Deutsche Schulen Exposed – der dunkle Parabelritter – Teil 1

Deutsche Schulen Exposed – der dunkle Parabelritter – Teil 2

Exkurs: Pandemie & Digitalisierung der Schulen

Neben strukturellen Defiziten bei der Vermittlung von Wissen in den Schulen wurde im Zuge der Pandemie die Digitalisierung als nächstes Problem sichtbar. Tatsächlich landete Deutschlands Bildungssystem schon vor der Pandemie, im Rahmen einer EU-Studie zur Ausstattung und zu Konzepten von Europas Schulen auf dem letzten Platz aller EU-Mitgliedsstaaten. In den Schulschließungen der Pandemie war der Alltag von Schulkindern in Deutschland durchschnittlich ein Drittel bis zur Hälfte weniger durch Schulbildung geprägt als vor der Pandemie. Kamen die Schulschließungen 2020 noch überraschend, folgte 2021 ein weiteres Katastrophenjahr aus reiner Untätigkeit. Im föderalen System erwiesen fast alle Bildungsministerien ihre Unfähigkeit – Brandenburg mit Britta Ernst sicher mehr als viele andere.
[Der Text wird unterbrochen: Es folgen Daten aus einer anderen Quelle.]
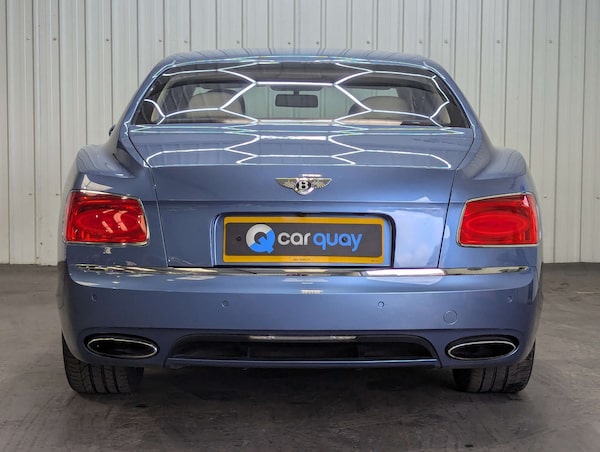 Used Bentley Flying Spur 2014 for sale - 76005322: Photo 35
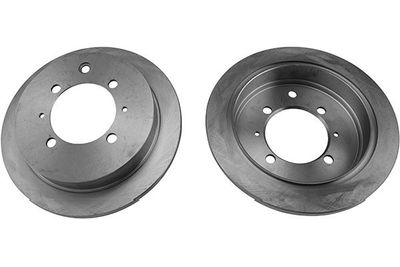 Bremžu diski KAVO PARTS BR-3206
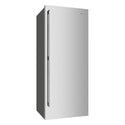 Westinghouse 501L Upright Fridge Stainless Steel WRB5004SBR, Front right view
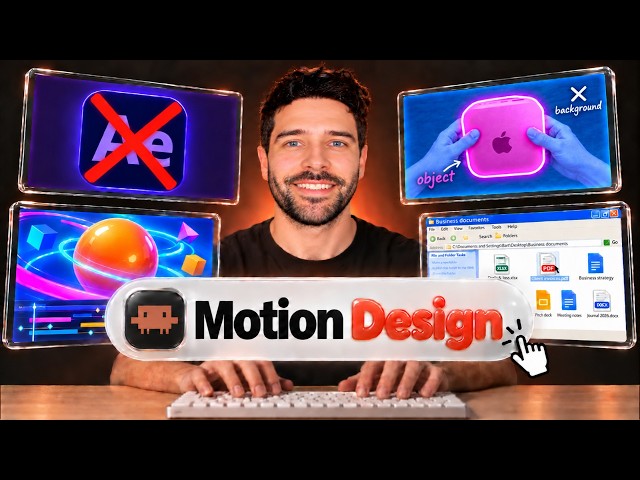 Claude Code Motion Graphics Just Got a MASSIVE Upgrade (Opus 5.5)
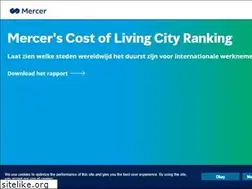 Sites similar to mercer.nl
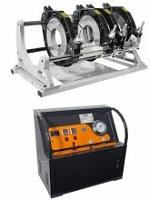 картинка Стыковой сварочный аппарат ROBU W 800 компании Нова Механика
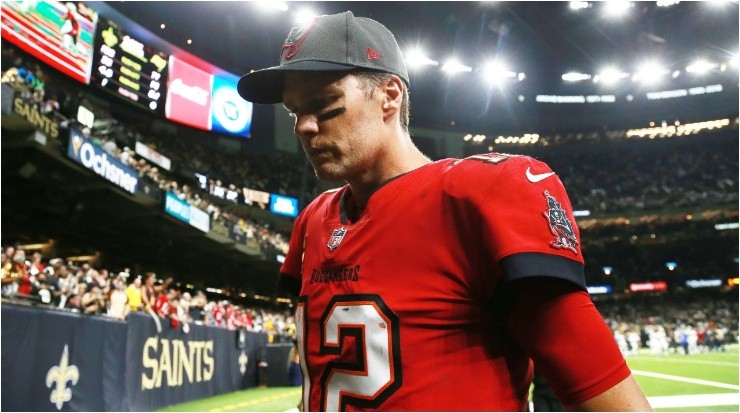 Tom Brady (Foto: Sean Gardner | Getty Images)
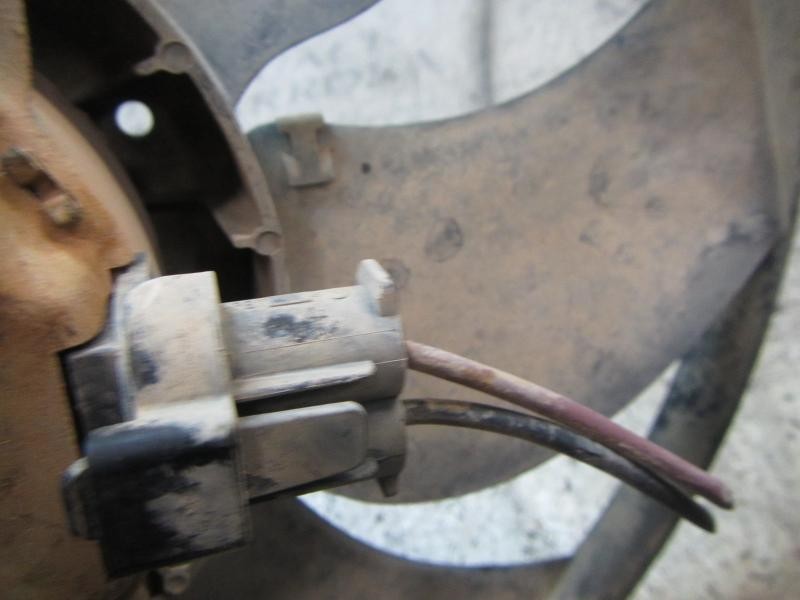 Recambio de electroventilador para renault kangoo (f/kc0) alize referencia OEM IAM   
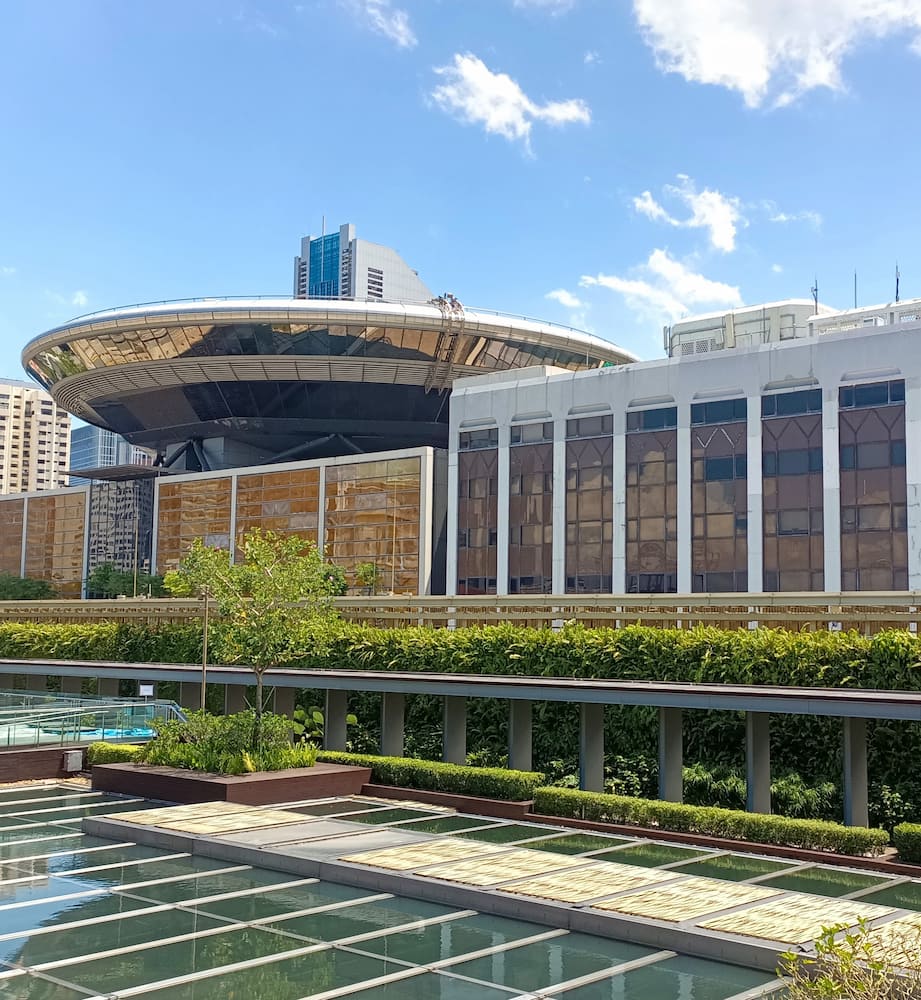 Quartiere coloniale / Quartiere civico Quartiere coloniale / Quartiere civico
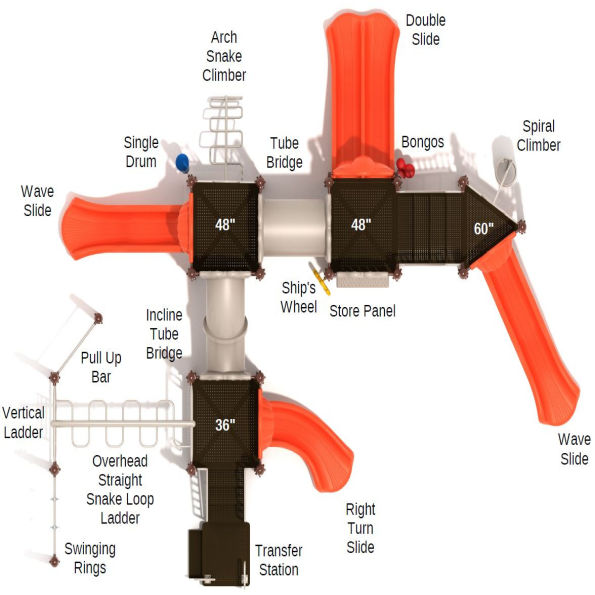 Pioneer Estates Max Structure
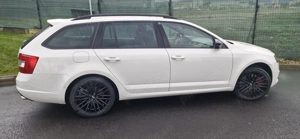 Skoda Octavia Vrs 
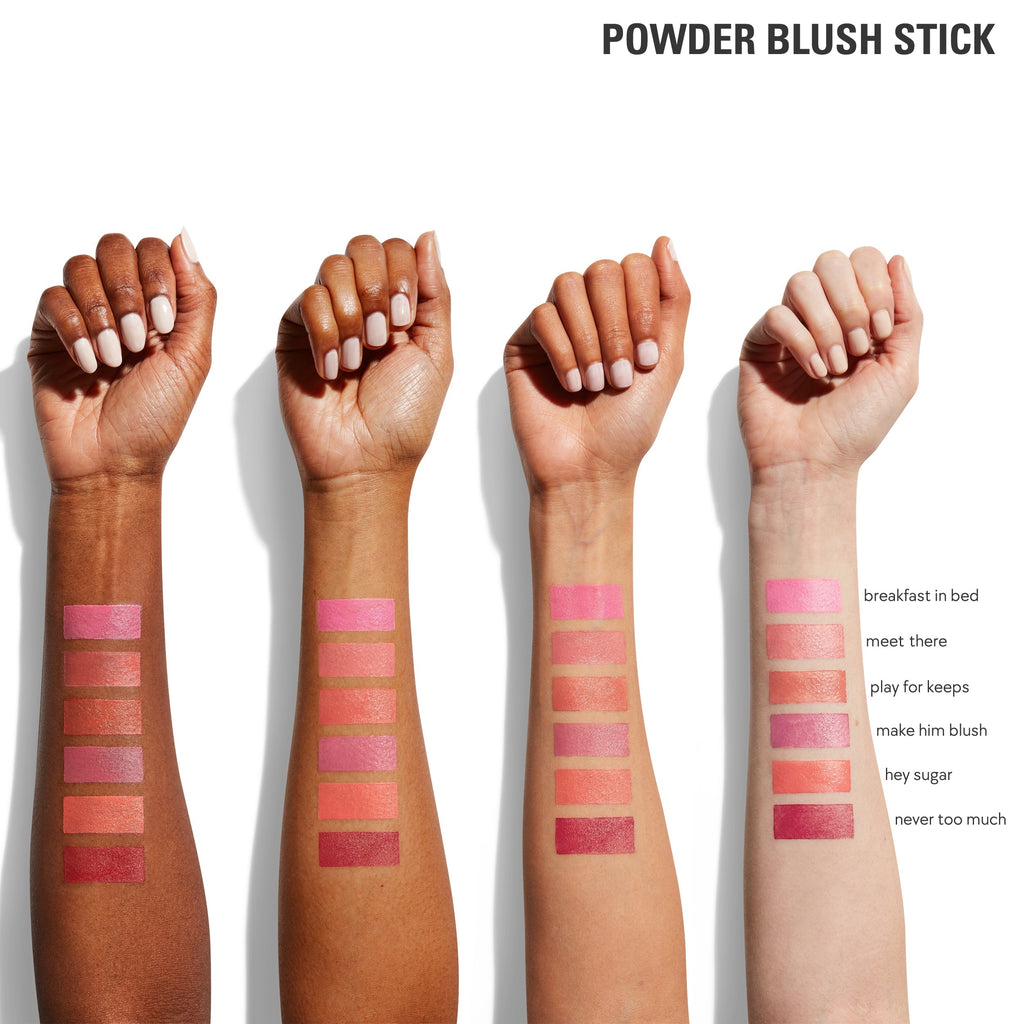 kyliecosmetics Powder Blush Stick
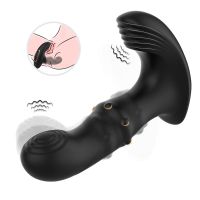Urban Sky Prostaatmassager met vibratie en stootbeweging, afbeelding 7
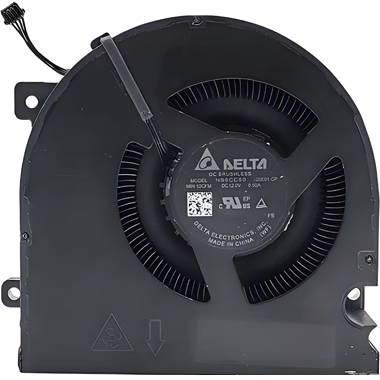 ventilador DELTA NS8CC50-25E02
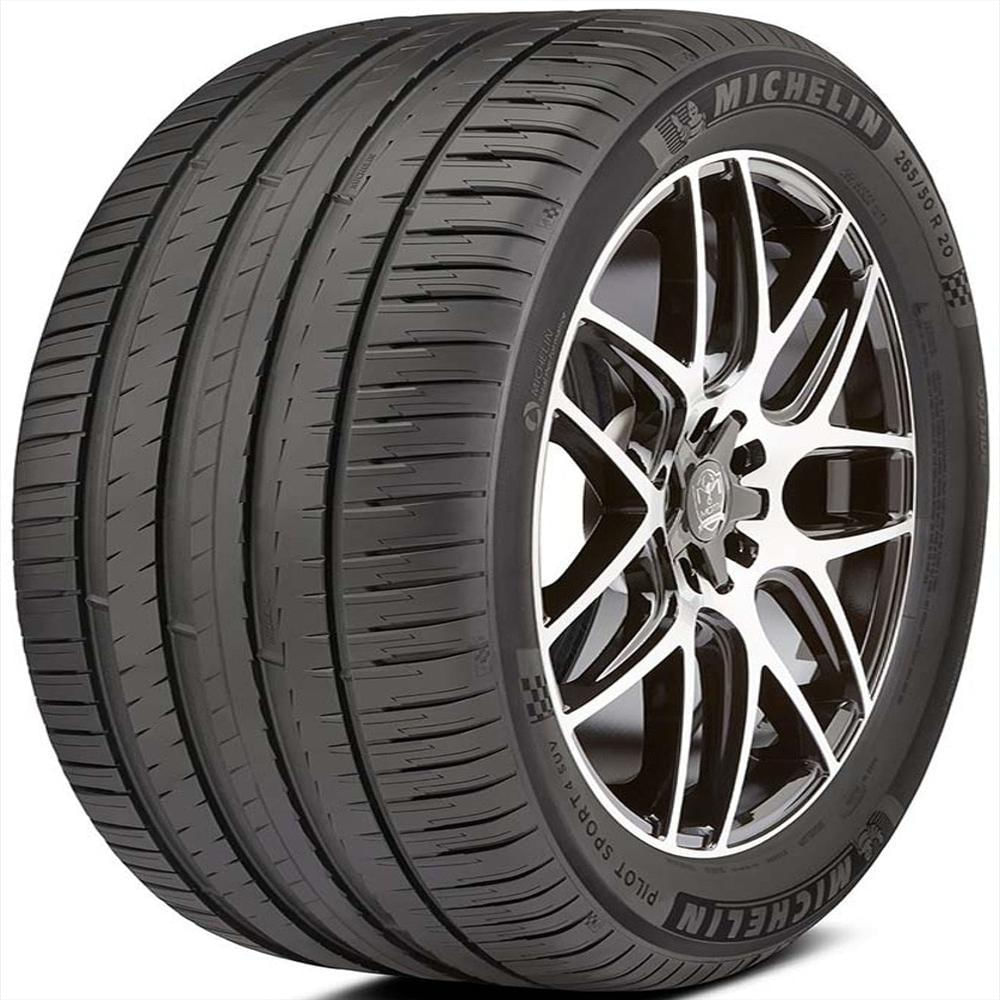 Llanta Michelin 325/35 R20 Pilot Sport 4 Suv img #1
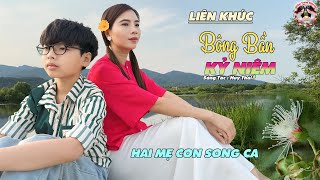 LK Bông Bần Kỷ Niệm ✔️ DIỄM TRANG & BI XÀM ✔️ Nhạc Buồn Tâm Trạng, Làm Đốn TIM Người Nghe
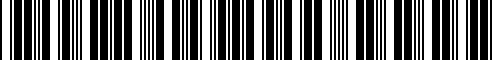 Barcode for 90361SR3000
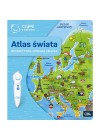 Atlas swiata. Interaktywna mowiaca ksiazka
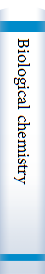 Biological chemistry
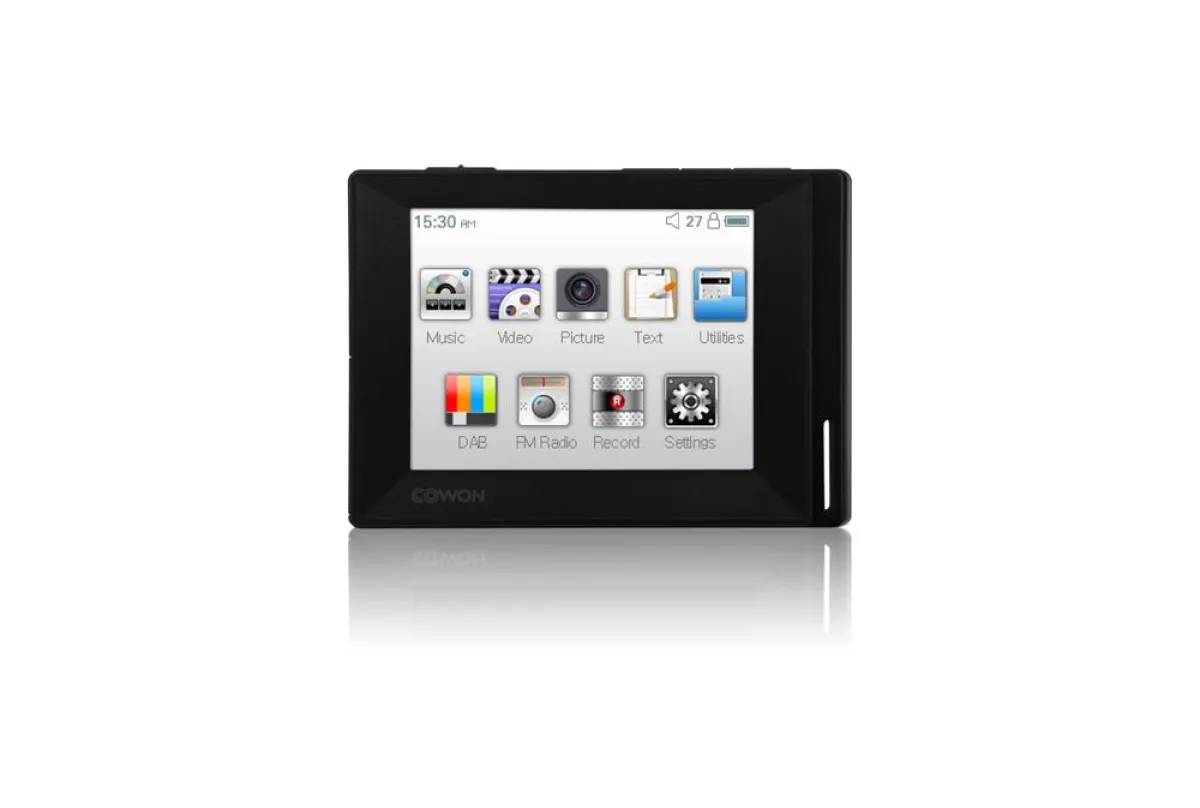 COWON D2+ DAB
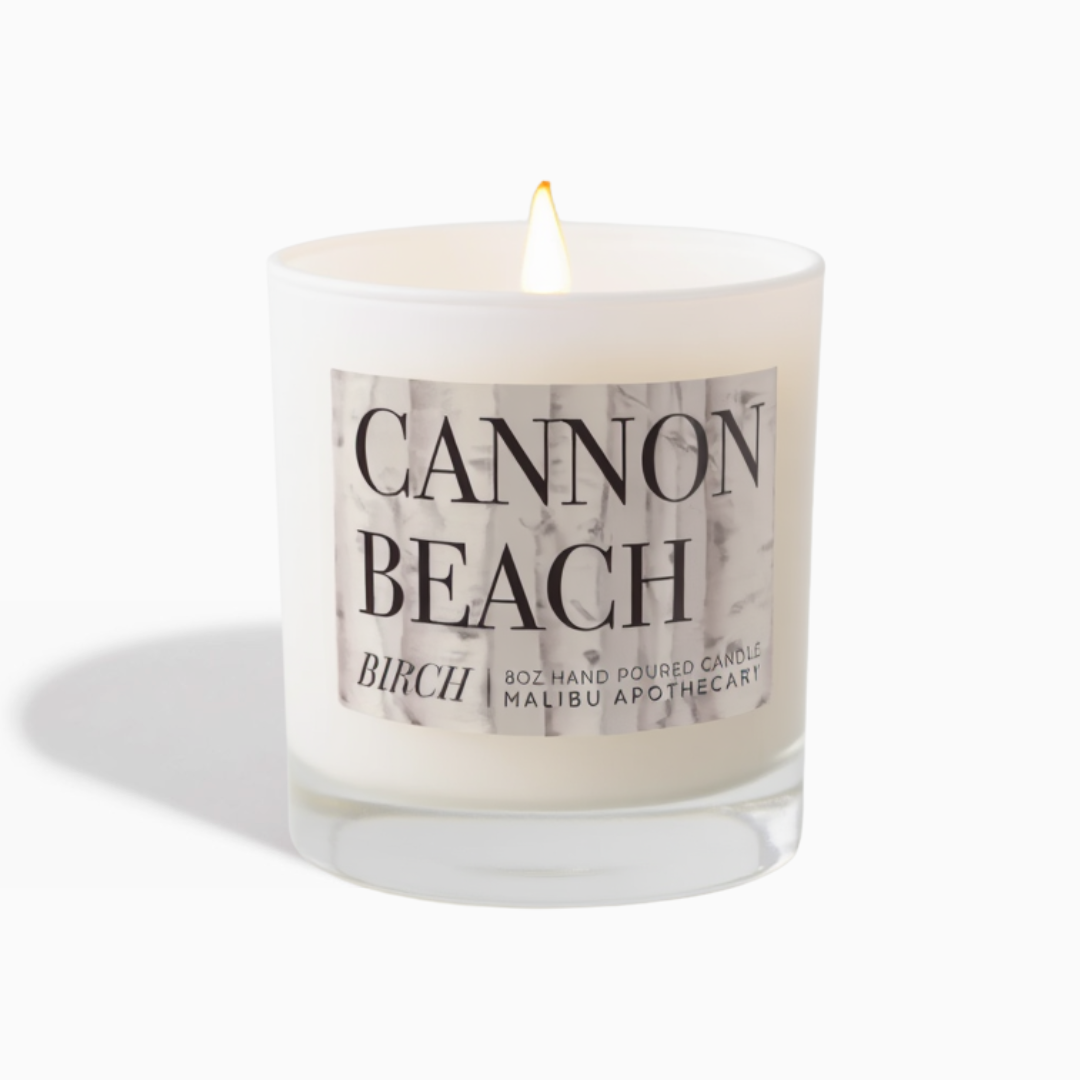 CANNON BEACH • BIRCH *Limited Edition* by Malibu Apothecary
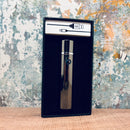 Cozy Plasma Arc Lighter – USB Rechargeable Windproof Design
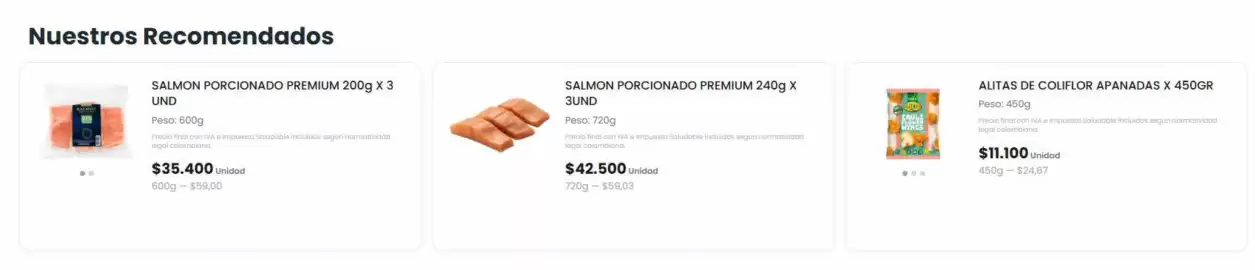 Catálogo Calypso Página 3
In 2020 erlebten rund 6 % von Deutschlands Schülern ab und zu Digitalunterricht, in 2021 waren es mit 26 % noch immer nur ein Viertel. Studien weisen darauf hin, dass ein verlorenes Schuljahr mit 10 % verlorenem Lebenseinkommen korrespondiert. Dies misst sich an nicht vermittelten Kompetenzen, die sich durchs Studium bis in den späteren Beruf durchziehen und einfach für weniger Produktivität sorgen. Kein weiteres Land in Europa hat in der Pandemie seinen Kindern eine vergleichbare Bildungskatastrophe zugemutet – die Last tragen Kinder nicht nur mit belegten psychischen Problemen, sondern auch mit Auswirkungen auf ihr Lebenseinkommen. Unserem Land wird es nachhaltig an Produktivität fehlen – auch wenn wir das wahrscheinlich erst eine Generation später realisieren. Probleme in der Bildung werden in unserem Land nach wie vor verschoben und Eltern, Kindern und den Schulen überlassen.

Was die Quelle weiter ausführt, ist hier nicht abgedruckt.